What is religion? The Wiki tells us that it is ‘the belief in and worship of a superhuman controlling power, especially a personal God or gods’. The ‘controlling’ bit is where I fall off the belief cliff. If we are being controlled we do not have free will. Would a benevolent controller deny us choice? Surely not. I want to be responsible for what I do – both the good and the bad – and I see my life as a journey, hopefully towards being better. Our individual ability to influence how the world develops may be extremely small but it is ours.

There are two religions (using the word broadly) about which I don’t hear the ‘glad I was brought up’ statement made. One is Buddhism, of which I know very little but which seems to be an attractive and socially cooperative style of life. The other is philosophy, which is certainly a religion. In fact, I think a better definition of religion is ‘philosophy supplemented by faith’. If you accept this, the ‘supplementing’ is there to fill in the gaps not yet satisfied by philosophy. This many explain why, for all the drifting away from religious belief and practices, some very advanced thinkers are even today asking themselves the question “yes, but what was before ‘before’?” Who created the creator is what gives rise to the concept of eternity.

Follow this thinking and you develop an interesting view of why religion is still flourishing and, indeed, becoming a major force in world politics. As the old beliefs were questioned there were two possible reactions. One was to deny the new discoveries, often the laws of physics, thus allowing faith to continue. The other was to shed old beliefs and acknowledge the apparent logic of the new revelations. Many people took this second route only to find that their purpose had disappeared and they were left without both faith and certainty.

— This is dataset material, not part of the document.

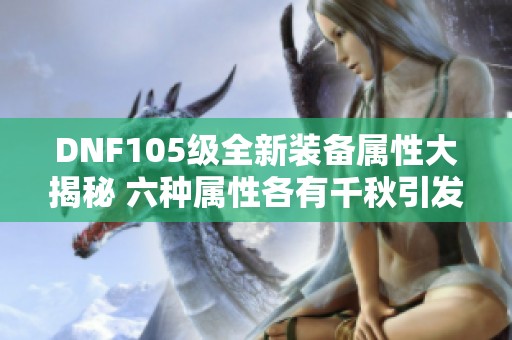 DNF105级全新装备属性大揭秘 六种属性各有千秋引发热议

The very fact that faith is unprovable means equally that it cannot be disproved. This can generate extremes of faith as we well know. As with everything, extremes are poor substitutes for reason and kindness. So the need seems to be not for a kind of Federal Religion or even a World Religious Union but for a Religious Commonsense. This would say something along these lines:

“What is proved is probably right but always needs a wary eye keeping on it. The proven have sometimes turned out to be wrong. What is unproven is up for belief which should be an open-minded, cooperative search not a dogmatic declaration.”

It would encourage us to explore other beliefs than one we may have.

It would enable us to see a little further through that dark glass.